Data Is Plural

... is a weekly newsletter of useful/curious datasets.

2022.10.05 edition

Grid emissions, chain and indie restaurants, wildfire smoke pollution, federal audits, and a decade of tasks.

Grid emissions. Ember, an “energy think tank that uses data-driven insights to shift the world from coal to clean electricity,” has begun compiling annual and monthly statistics on electricity demand, generation, and estimated greenhouse gas emissions by country, standardized from national and international sources. The annual estimates span two decades and 200+ countries and territories; the monthly dataset provides somewhat less coverage. Both can also be explored online. Related: Singularity’s Open Grid Emissions initiative estimates the hourly grid emissions of balancing authorities and power plants in the US, currently for 2019 and 2020. Previously: Other energy-related datasets. [h/t Philippe Quirion]

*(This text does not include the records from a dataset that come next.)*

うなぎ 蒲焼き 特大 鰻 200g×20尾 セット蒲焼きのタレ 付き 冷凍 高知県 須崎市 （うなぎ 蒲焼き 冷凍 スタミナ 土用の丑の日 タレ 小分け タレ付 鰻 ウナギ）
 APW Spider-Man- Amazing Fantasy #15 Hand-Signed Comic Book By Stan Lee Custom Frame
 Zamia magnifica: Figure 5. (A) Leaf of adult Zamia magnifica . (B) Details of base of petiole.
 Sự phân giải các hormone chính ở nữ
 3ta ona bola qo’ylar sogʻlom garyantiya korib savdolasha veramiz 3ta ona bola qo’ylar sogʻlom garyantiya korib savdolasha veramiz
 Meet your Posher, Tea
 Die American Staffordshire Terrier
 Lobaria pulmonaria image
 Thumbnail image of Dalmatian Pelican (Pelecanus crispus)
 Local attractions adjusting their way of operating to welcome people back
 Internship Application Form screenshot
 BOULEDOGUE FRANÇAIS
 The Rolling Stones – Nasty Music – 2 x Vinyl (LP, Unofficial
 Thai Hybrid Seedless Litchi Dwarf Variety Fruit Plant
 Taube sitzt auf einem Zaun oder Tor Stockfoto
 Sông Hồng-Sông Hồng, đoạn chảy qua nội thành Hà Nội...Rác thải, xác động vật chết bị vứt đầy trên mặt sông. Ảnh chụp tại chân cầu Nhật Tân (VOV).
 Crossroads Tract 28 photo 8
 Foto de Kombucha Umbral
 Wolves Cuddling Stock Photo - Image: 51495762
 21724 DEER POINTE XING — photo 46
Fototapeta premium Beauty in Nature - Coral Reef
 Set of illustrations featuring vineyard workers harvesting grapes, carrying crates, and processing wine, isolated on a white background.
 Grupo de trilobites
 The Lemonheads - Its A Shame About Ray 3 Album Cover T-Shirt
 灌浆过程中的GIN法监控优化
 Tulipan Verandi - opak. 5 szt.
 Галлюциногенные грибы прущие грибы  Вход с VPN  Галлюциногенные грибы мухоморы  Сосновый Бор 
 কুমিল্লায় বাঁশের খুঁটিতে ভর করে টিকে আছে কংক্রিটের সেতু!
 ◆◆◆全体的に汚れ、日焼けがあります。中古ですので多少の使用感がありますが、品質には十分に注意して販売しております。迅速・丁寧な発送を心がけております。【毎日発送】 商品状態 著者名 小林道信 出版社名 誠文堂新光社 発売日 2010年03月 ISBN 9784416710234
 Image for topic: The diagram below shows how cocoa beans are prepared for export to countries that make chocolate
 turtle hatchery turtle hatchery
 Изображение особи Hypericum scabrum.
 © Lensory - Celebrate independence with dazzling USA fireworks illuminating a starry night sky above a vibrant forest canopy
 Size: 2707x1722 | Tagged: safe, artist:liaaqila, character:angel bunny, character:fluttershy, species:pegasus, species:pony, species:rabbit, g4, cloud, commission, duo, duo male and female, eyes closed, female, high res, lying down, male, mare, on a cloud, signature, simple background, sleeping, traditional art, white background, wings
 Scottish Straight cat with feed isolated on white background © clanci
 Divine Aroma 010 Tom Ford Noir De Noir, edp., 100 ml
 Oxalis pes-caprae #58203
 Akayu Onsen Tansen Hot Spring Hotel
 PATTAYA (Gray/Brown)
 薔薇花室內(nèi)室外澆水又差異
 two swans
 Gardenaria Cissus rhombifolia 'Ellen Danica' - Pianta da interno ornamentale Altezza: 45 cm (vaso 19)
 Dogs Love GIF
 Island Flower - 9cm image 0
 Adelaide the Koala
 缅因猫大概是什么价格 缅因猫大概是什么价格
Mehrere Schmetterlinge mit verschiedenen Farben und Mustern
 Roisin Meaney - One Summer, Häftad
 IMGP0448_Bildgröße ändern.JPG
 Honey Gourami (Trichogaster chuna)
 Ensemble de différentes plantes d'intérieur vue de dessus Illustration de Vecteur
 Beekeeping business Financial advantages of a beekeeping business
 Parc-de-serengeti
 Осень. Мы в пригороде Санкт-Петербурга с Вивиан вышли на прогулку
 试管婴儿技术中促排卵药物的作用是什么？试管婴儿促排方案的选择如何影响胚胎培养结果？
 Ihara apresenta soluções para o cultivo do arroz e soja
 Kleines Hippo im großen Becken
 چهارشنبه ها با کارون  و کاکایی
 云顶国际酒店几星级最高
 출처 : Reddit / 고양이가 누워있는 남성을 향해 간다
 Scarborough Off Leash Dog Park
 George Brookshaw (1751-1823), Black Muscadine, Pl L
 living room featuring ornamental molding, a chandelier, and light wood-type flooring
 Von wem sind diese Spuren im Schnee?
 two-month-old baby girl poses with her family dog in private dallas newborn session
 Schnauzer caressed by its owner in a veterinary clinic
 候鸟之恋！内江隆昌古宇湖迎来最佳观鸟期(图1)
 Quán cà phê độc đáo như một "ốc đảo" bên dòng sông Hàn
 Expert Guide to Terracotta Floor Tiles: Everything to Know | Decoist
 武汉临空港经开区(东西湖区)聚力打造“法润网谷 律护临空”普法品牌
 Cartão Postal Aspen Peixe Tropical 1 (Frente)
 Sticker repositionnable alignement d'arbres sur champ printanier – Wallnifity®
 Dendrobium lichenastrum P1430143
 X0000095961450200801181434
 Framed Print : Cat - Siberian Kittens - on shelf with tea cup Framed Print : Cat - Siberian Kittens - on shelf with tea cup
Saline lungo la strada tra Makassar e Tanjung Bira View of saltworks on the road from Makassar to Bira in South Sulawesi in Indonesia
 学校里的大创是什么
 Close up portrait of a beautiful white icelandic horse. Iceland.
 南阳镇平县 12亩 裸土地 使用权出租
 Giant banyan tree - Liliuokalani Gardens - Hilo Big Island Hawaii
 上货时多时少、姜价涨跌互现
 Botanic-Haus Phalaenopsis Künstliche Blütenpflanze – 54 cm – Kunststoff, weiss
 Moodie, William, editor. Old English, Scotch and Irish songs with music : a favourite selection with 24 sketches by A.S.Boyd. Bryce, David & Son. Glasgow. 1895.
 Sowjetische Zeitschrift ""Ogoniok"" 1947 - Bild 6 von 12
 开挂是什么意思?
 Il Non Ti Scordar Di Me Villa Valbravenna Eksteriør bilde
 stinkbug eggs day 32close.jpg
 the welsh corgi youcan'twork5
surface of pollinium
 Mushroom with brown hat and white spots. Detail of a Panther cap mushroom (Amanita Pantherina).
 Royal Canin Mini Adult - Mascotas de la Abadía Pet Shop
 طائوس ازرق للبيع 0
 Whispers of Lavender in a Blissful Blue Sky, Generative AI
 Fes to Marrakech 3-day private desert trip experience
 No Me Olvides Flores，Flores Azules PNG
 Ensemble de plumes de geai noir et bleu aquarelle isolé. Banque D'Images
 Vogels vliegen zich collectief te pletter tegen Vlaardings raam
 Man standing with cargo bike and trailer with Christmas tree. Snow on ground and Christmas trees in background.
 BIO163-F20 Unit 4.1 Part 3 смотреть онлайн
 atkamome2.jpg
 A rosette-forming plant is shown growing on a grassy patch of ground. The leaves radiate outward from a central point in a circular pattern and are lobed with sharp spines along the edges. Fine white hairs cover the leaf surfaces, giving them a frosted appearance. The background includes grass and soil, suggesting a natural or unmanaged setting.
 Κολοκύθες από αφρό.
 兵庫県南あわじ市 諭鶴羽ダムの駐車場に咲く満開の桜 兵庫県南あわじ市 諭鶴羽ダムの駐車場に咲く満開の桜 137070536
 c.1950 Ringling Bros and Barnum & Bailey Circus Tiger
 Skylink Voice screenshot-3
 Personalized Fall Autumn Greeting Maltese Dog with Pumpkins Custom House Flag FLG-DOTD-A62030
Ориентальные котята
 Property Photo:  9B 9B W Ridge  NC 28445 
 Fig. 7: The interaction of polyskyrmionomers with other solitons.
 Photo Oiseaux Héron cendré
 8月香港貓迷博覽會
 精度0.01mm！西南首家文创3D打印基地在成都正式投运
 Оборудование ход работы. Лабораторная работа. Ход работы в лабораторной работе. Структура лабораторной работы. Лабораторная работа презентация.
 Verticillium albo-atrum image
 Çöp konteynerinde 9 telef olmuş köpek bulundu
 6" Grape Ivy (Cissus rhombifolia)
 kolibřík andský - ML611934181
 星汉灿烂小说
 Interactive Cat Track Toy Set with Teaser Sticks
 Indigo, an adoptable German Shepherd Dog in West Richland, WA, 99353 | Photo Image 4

Chain and indie restaurants. Xiaofan Liang and Clio Andris of Georgia Tech’s Friendly Cities Lab have published a map and dataset examining the “chainness” of 700,000+ US restaurants. Starting with records provided by a marketing-data company, the researchers standardized the restaurants’ names, counted their frequencies, and classified them as chains (those with more than five outlets) or not. The dataset also lists each restaurant’s cuisine and location. As seen in: Andrew Van Dam’s exploration of the data for his new-ish Washington Post column, Department of Data.

Wildfire smoke pollution. Marissa L. Childs et al. have developed a “machine learning model of daily wildfire-driven PM2.5 concentrations using a combination of ground, satellite, and reanalysis data sources that are easy to update.” (PM2.5 refers to particulate matter 2.5 micrometers in diameter or smaller.) The researchers then used that model to generate daily smoke PM2.5 estimates for each county, Census tract, and 10-kilometer-grid tile in the contiguous US, for 2006–2020. Read more: Coverage and maps in the New York Times. [h/t George LeVines]

Federal audits. Nonprofits, state/local governments, and other noncommercial entities expending $750,000+ of federal funds in a year are required to undergo a standardized audit of their financials and compliance. The US Federal Audit Clearinghouse maintains a public database of those audits; it offers bulk downloads of the report data (about the auditee, auditor, findings, and more), as well a tool to search and access individual reports. [h/t Big Local News]

A decade of tasks. Between April 2009 and February 2019, software engineer Renzo Borgatti set 17,000+ daily tasks for himself. He completed slightly less than half of them. He labeled them with tags such as “@meeting”, “@talk”, and “@clojure”. He estimated how many “pomodoros” each would take, and how many they really did. We know this because Borgatti allowed Derek M. Jones to publish a partially-redacted dataset of his tracked tasks. Previously: One software company’s task estimates (DIP 2019.04.24), also published by Jones.